Some of features and servers of AWS that were used:

  1. ELB – there isn’t a whole lot to say about it. It’s quick and dirty and fairly effective. If you need to quickly load balance across a few instances, it does the job and does it well. With anything more complicated, it’s not really up to par. That generally holds true across most AWS functions. They are simple, relatively easy to get off the ground, but once your demands change, you will typically need something else. For my infrastructure, nearly everything went through Haproxy and you get much more granular control over load balancing. If you want to do anything like rewrites or rule-based load balancing, ELB isn’t really an option. It’s also a little faster to add/remove servers out of the pool with Haproxy. You also get much better visibility into what’s going on, then you will with ELB. The one big caveat with Haproxy is that it will not do SSL termination.
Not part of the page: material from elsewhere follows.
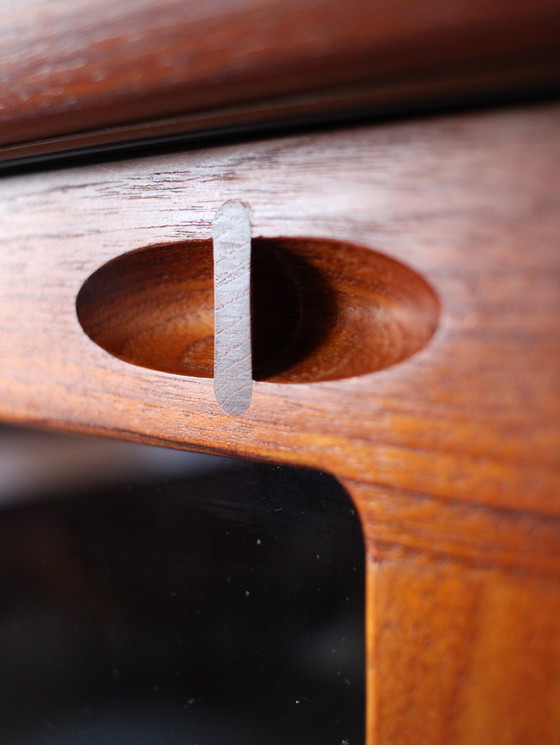 Image 1 of Vintage Deense vitrinekast door Henry Walter Klein voor Bramin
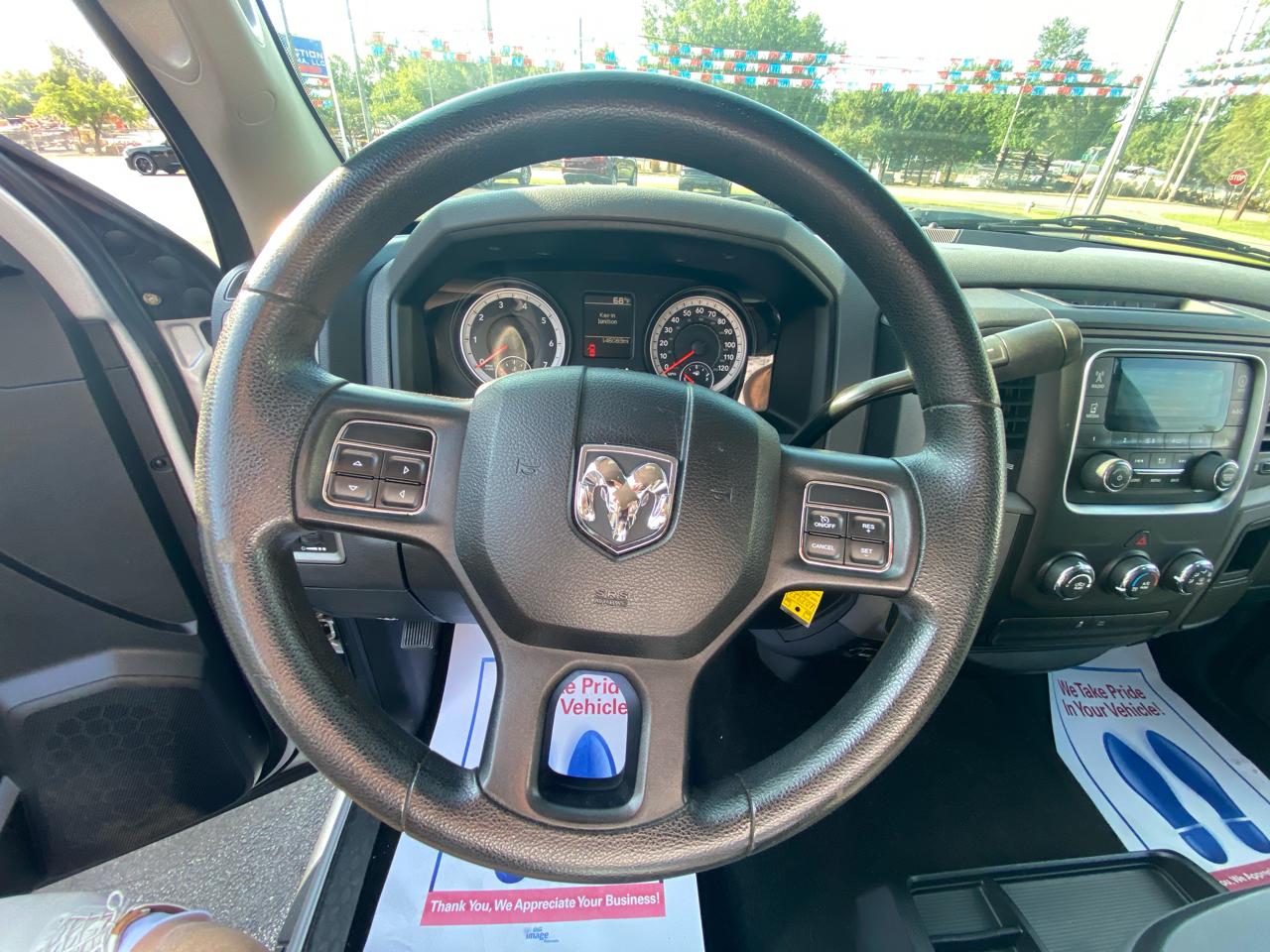 RAM 1500 4WD Crew Cab 140.5" Express 2014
Stunnel is a popular option, but we chose to terminate SSL with Nginx.
  2. CloudFront – this is Amazon’s CDN. It’s not quite as well performing as some of the alternatives, but it’s decent enough.
  3. VPC – this is Amazon’s Virtual Private Cloud. It seems to generate some controversy. I’ve seen a number of blog posts and opinions that it’s really nothing but a crutch for people who are moving from the “enterprise” world, to make it look familiar to them. In a way that’s true, but I do like that option a lot anyway. There isn’t anything that you can do with VPC that you can’t do on the general EC2 side, but it does make some things a lot easier. The ability to do subnets is superfluous in some sense, but it does make it somewhat simpler to manage. The delineation between different areas of your infrastructure becomes much clearer. The ability to manage egress traffic is very useful from a security perspective. Yes, this can be done with iptables on individual instances, but again, the VPC makes it easier. Lastly, if you’re going to deploy any internal corporate apps to EC2, the ability to run a VPN is a useful feature.
  4. EBS – This is probably the most widely discussed and derided part of AWS. We’ve done the usual kabuki dance with striping across multiple volumes, but that’s roughly the equivalent of putting an air freshener next to a pile of dog shit.  The IO remains terrible. Unless you can scale horizontally, EBS will be a bottleneck. Using ephemeral storage is somewhat better, but it’s not a solution. EBS is also expensive. Next to RAM, the storage eats a huge chunk of your budget. You do have to make sure that your snapshots are well managed, because it will get out of hand quickly.
  5. RDS – We’ve tested this about a year ago. At the time it didn’t do as well as dedicated instances.
  6. S3 – it’s useful. We’ve primarily used it for deployments, where Hudson would upload the build to a bucket and the instances would pull the latest code version from there.

 

In general, this shouldn’t be a very complicated setup. What made it difficult is a massive and poor PHP code base, which was backed by a myriad of MySQL slaves that included shards, federated tables, ETLs, multiple versions and multiple masters in a hierarchy

So what did we get with this setup? The number one headache in AWS is not even the poor IO. Variable performance and especially variable latency is what’s going to trip up a lot of people, especially coming out of a DC or a Colo environment. In a dedicated place, if your network latency is >5ms it means there is a problem and it will be fixed. In EC2, this will happen constantly and unpredictably. You absolutely have to take that into the application design considerations and you don’t at your peril. My daily mantra was: “Short timeouts and quick retries”, together with “fail quickly and fail open”. Here is a more specific example:

A lot of queries were very very expensive. Rather than spending the time fixing the queries or looking at different algorithms, people decided to bump the timeouts. Now, that’s a poor design choice in any case, but you might be able to get away with it in a Colo. What happens on a LAMP stack in AWS is that occasionally instances will slow down, for one reason or another. If you are running Apache on the front end, you have some finite amount of threads/workers and if they are set to timeout in say 2 minutes for MySQL connections, a single slow query will quickly back up the entire site. Web servers will start running out of threads, since they are coming in faster then they timeout you find yourself in a site down situation. It becomes a rather nasty cascading effect. 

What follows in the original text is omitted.